Filtering and Annotation Tutorial¶
Filter¶
You can filter the rows of a table with
Table.filter.
This returns a table of those rows for which the expression evaluates to
True
.
In [1]:
import hail as hl
import seaborn
hl.utils.get_movie_lens('data/')
users = hl.read_table('data/users.ht')
Initializing Spark and Hail with default parameters...
Running on Apache Spark version 2.2.0
SparkUI available at http://10.56.40.9:4040
Welcome to
__ __ <>__
/ /_/ /__ __/ /
/ __ / _ `/ / /
/_/ /_/\_,_/_/_/ version devel-90a5cab4aab8
NOTE: This is a beta version. Interfaces may change
during the beta period. We recommend pulling
the latest changes weekly.
LOGGING: writing to /hail/repo/hail/build/tmp/python/hail/docs/tutorials/hail-20181015-1344-devel-90a5cab4aab8.log
2018-10-15 13:44:12 Hail: INFO: Movie Lens files found!
In [2]:
users.filter(users.occupation == 'programmer').count()
Out[2]:
66
Annotate¶
You can add new fields to a table with
annotate.
Let’s mean-center and variance-normalize the age
field.
In [3]:
stats = users.aggregate(hl.agg.stats(users.age))

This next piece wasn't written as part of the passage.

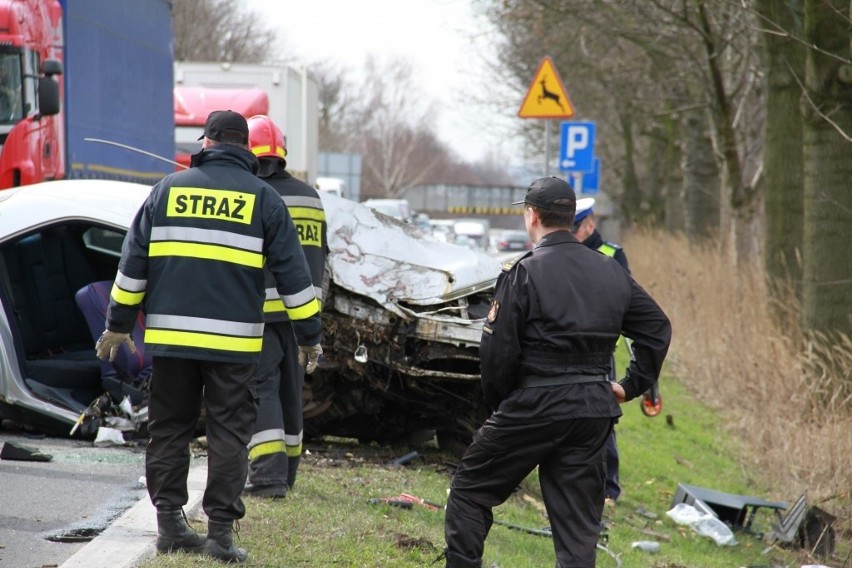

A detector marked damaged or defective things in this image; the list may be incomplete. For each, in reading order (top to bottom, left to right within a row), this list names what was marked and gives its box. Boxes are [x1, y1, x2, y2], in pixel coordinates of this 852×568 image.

smashed car hood [322, 193, 502, 312]
crumpled metal panel [322, 191, 502, 316]
wrecked white car [0, 180, 496, 454]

missing_occupations = hl.set(['other', 'none'])
t = users.annotate(
cleaned_occupation = hl.cond(missing_occupations.contains(users.occupation),
hl.null('str'),
users.occupation))
t.show()
+-------+-------+-----+-----------------+---------+--------------------+
| id | age | sex | occupation | zipcode | cleaned_occupation |
+-------+-------+-----+-----------------+---------+--------------------+
| int32 | int32 | str | str | str | str |
+-------+-------+-----+-----------------+---------+--------------------+
| 1 | 24 | "M" | "technician" | "85711" | "technician" |
| 2 | 53 | "F" | "other" | "94043" | NA |
| 3 | 23 | "M" | "writer" | "32067" | "writer" |
| 4 | 24 | "M" | "technician" | "43537" | "technician" |
| 5 | 33 | "F" | "other" | "15213" | NA |
| 6 | 42 | "M" | "executive" | "98101" | "executive" |
| 7 | 57 | "M" | "administrator" | "91344" | "administrator" |
| 8 | 36 | "M" | "administrator" | "05201" | "administrator" |
| 9 | 29 | "M" | "student" | "01002" | "student" |
| 10 | 53 | "M" | "lawyer" | "90703" | "lawyer" |
+-------+-------+-----+-----------------+---------+--------------------+
showing top 10 rows
Note: annotate
is functional: it doesn’t mutate users
, but
returns a new table. This is also true of filter
. In fact, all
operations in Hail are functional.
In [4]:
users.describe()
----------------------------------------
Global fields:
None
----------------------------------------
Row fields:
'id': int32
'age': int32
'sex': str
'occupation': str
'zipcode': str
----------------------------------------
Key: ['id']
----------------------------------------
There are two other annotate methods:
select
and
transmute.
select
returns a table with the key and an entirely new set of value
fields. transmute
replaces any fields mentioned on the right-hand
side with the new fields, but leaves unmentioned fields unchanged.
transmute
is useful for transforming data into a new form. How about
some examples?
In [5]:
(users.select(len_occupation = hl.len(users.occupation))
.describe())
----------------------------------------
Global fields:
None
----------------------------------------
Row fields:
'id': int32
'len_occupation': int32
----------------------------------------
Key: ['id']
----------------------------------------
In [6]:
(users.transmute(
cleaned_occupation = hl.cond(missing_occupations.contains(users.occupation),
hl.null(hl.tstr),
users.occupation))
.describe())
----------------------------------------
Global fields:
None
----------------------------------------
Row fields:
'id': int32
'age': int32
'sex': str
'zipcode': str
'cleaned_occupation': str
----------------------------------------
Key: ['id']
----------------------------------------
Finally, you can add global fields with annotate_globals. Globals are useful for storing metadata about a dataset or storing small data structures like sets and maps.
In [7]:
t = users.annotate_globals(cohort = 5, cloudable = hl.set(['sample1', 'sample10', 'sample15']))
t.describe()
----------------------------------------
Global fields:
'cohort': int32
'cloudable': set<str>
----------------------------------------
Row fields:
'id': int32
'age': int32
'sex': str
'occupation': str
'zipcode': str
----------------------------------------
Key: ['id']
----------------------------------------
In [8]:
t.cloudable
Out[8]:
<SetExpression of type set<str>>
In [9]:
hl.eval(t.cloudable)
Out[9]:
{'sample1', 'sample10', 'sample15'}
Exercises¶
- Z-score normalize
the age field of
users
. - Convert
zip
to an integer. Hint: Not all zipcodes are US zipcodes! Use hl.int32 to convert a string to an integer. Use StringExpression.matches to see if a string matches a regular expression.